1. Buy a home with a storm cellar. Reinforce it with steel doors.
2. Make sure you have up-to-date homeowner’s insurance.
3. Have a To Go Bag ready at all times.
4. Check the FEMA website for helpful information regarding tornado preparedness.
5. Have at least three days (72 hours) worth of food and water stored in a cellar, interior closet, or other safe place.
6. Know where the nearest shelters are and make sure your kids know their locations, too.
7. Stay tuned in to local news, either TV or radio. After the storm passes, old fashioned rabbit-ears (TV antenna) might help you get local channels if your cable is down.
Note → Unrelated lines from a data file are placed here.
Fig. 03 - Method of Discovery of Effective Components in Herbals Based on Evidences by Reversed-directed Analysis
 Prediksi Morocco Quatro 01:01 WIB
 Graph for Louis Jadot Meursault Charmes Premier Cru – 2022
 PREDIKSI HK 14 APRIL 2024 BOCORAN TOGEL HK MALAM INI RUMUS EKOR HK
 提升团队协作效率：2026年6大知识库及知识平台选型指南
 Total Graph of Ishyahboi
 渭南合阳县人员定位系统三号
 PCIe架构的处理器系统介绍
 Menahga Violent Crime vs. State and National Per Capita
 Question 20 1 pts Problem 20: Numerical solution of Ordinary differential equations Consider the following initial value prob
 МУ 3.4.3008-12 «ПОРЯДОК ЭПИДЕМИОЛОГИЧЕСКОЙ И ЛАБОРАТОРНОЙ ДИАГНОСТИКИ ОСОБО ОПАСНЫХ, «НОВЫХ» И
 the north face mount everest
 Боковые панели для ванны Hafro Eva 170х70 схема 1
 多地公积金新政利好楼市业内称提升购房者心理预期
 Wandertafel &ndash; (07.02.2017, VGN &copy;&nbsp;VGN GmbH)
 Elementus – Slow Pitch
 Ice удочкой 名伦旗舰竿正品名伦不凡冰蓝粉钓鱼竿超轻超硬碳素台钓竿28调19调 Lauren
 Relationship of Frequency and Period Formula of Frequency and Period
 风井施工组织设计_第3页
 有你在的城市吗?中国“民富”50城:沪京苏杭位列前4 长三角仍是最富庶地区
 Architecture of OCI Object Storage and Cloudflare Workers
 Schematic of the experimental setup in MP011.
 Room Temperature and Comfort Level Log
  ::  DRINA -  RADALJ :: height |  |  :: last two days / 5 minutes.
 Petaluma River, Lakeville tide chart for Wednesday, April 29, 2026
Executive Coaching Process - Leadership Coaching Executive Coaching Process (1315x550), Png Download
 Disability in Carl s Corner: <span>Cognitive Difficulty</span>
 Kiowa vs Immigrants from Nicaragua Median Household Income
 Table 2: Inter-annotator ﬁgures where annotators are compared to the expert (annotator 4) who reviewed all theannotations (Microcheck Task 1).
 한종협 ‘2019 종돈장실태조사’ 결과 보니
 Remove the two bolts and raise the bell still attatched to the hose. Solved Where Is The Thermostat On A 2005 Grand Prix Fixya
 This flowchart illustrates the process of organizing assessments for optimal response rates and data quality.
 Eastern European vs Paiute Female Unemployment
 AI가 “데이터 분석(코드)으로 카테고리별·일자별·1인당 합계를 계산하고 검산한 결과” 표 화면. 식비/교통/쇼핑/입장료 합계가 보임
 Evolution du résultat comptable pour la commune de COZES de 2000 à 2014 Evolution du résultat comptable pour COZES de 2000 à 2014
8. Know all the safest or safe-ish locations to shelter, e.g. a bathtub or a closet. You may be visiting friends, out shopping, or at the park when a tornado hits. Know how to be as safe as possible wherever you are.
9. Have flashlights, oil lamps, and other sources of light. Extra batteries are a must.
10. Have an emergency, hand-crank radio.
11. Have a cell phone charger. During tornado season, always have your phone charged. An Enercell from Radio Shack would be a good idea. Keep it fully charged in a To Go Bag.
12. Some TV stations offer free weather warnings via text messages. Check the websites of your local TV and news/talk radio stations to see if they are offering this service. Police and fire departments may also offer this service.
13. Have family drills so everyone knows what to do and where to go. Have an occasional drill in the middle of the night. Who says tornadoes only strike during the convenient daylight hours?
14. Make a Grab-n-Go Binder and keep at least one copy with a trusted family member out of state.
15. Put on sturdy shoes as soon as a siren goes off. A tornado produces enormous amounts of debris, including broken glass, nails, metal, and wood. The last thing you need is a foot injury that would keep you sidelined.
16. Know how to safely shut off your electric service, gas line, and water.
17. Keep a small refrigerator/freezer in the basement.
18. Keep cash on hand. You’ll probably have to pay for those Red Cross doughnuts!
19. A local map will help you keep track of weather alerts.
20. Talk with old-timers and find out how they have weathered past tornado seasons.
21. If your kids have friends they spend a lot of time with, find out what those families have planned in case of a tornado, or any other emergency, for that matter.
22. Keep the tank of your car filled with gas. You may need to evacuate to a safer location.
23. Stay calm. A terrified parent is going to send the kids right over the edge.